New study finds AI depictions of Neanderthals are outdated and wrong

A new study finds that popular AI tools often portray Neanderthals using decades-old science, revealing how data access shapes digital views of the past.

Joseph Shavit
Shy Cohen
Written By: Shy Cohen/
Edited By: Joseph Shavit
The species, known scientifically as Homo neanderthalensis, has been debated for more than a century.

The species, known scientifically as Homo neanderthalensis, has been debated for more than a century. (CREDIT: Advances in Archaeological Practice)

Over the past 40 years, phones and computers have turned into the world’s largest library. Answers now arrive in seconds. With generative artificial intelligence, that speed has only increased. A question about ancient humans or heart rate changes can be answered instantly. What still lags behind is accuracy.

That gap is the focus of new research led by Matthew Magnani, an assistant professor of anthropology at the University of Maine, and Jon Clindaniel, a professor of computational anthropology at the University of Chicago. Their study, published in the journal Advances in Archaeological Practice, asks a simple question with wide impact: when AI is asked to show daily life in the deep past, does it reflect modern science or outdated ideas?

The researchers turned to Neanderthals as their test case. The species, known scientifically as Homo neanderthalensis, has been debated for more than a century. Early scientists pictured Neanderthals as hunched, primitive, and barely human. More recent work paints a different picture, showing cultural skill, social depth, and physical diversity. That long shift made Neanderthals an ideal subject for testing how AI handles changing science.

Images closest to average embedding from the four different prompts; clockwise from the top with prompt revision, with prompt revision (expert), no prompt revision (expert), and no prompt revision. (CREDIT: Advances in Archaeological Practice)

“It’s broadly important to examine the types of biases baked into our everyday use of these technologies,” Magnani said. “It’s consequential to understand how the quick answers we receive relate to state-of-the-art and contemporary scientific knowledge.”

How the Researchers Put AI to the Test

Magnani and Clindaniel began the project in 2023, as generative AI tools were becoming part of daily life. They tested two popular systems: DALL-E 3 for images and ChatGPT using the GPT-3.5 model for written text.

For images, they created four prompts. Two asked for scenes from Neanderthal life without requesting scientific accuracy. Two asked for images based on expert knowledge. Each prompt was run 100 times, producing 400 images. Some runs allowed DALL-E 3 to rewrite the prompt with added detail. Others forced the system to use the prompt exactly as written.

For text, the team generated 200 one-paragraph descriptions of Neanderthal life. Half came from a basic prompt. The other half told the AI to respond as an expert on Neanderthal behavior.

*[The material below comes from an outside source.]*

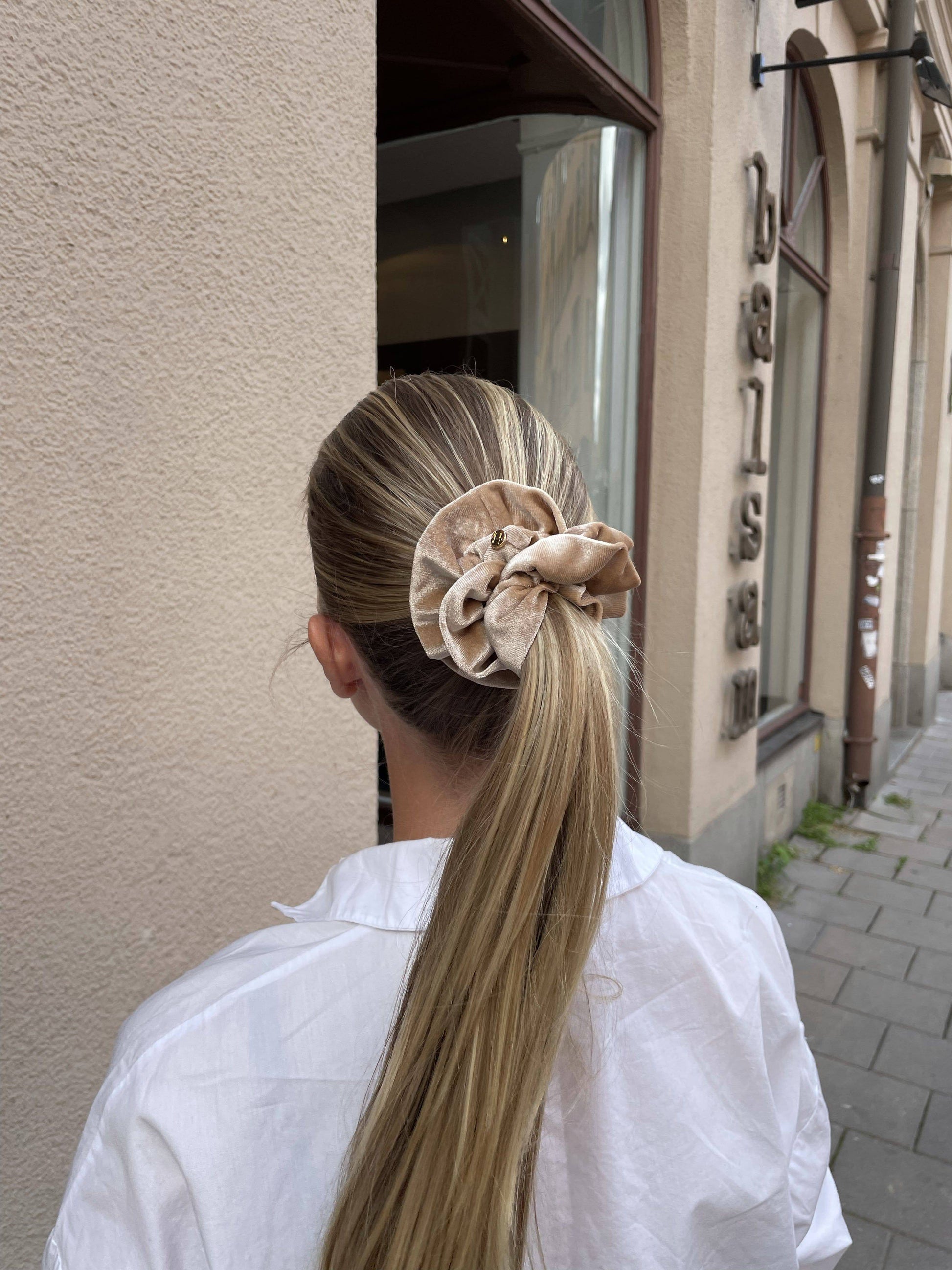 Velvet Scrunchie - Beige - Hermine Hold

The goal was not to trick the system. It was to see how AI performs in normal use, when people casually ask for images or explanations about the past.

What the AI Got Wrong

The results revealed a clear pattern. Much of the AI output relied on outdated science.

Availability of “Neanderthal” article content type by year in the collected Constellate dataset. (CREDIT: Advances in Archaeological Practice)

The images often showed Neanderthals as heavily hunched, covered in thick body hair, and shaped more like apes than humans. Those features reflect ideas common more than a century ago. Women and children were usually missing. Most scenes centered on muscular adult males.

The written descriptions also fell short. About half of the text did not align with modern scholarly understanding. For one prompt, more than 80 percent of the paragraphs missed the mark. The writing often flattened Neanderthal culture, downplaying diversity and skill that researchers now recognize.

Both images and text also mixed timelines in strange ways. Scenes sometimes included basketry, ladders, glass, metal tools, or thatched roofs. Those technologies are far too advanced for Neanderthals. The result was a confusing blend of primitive bodies and advanced tools.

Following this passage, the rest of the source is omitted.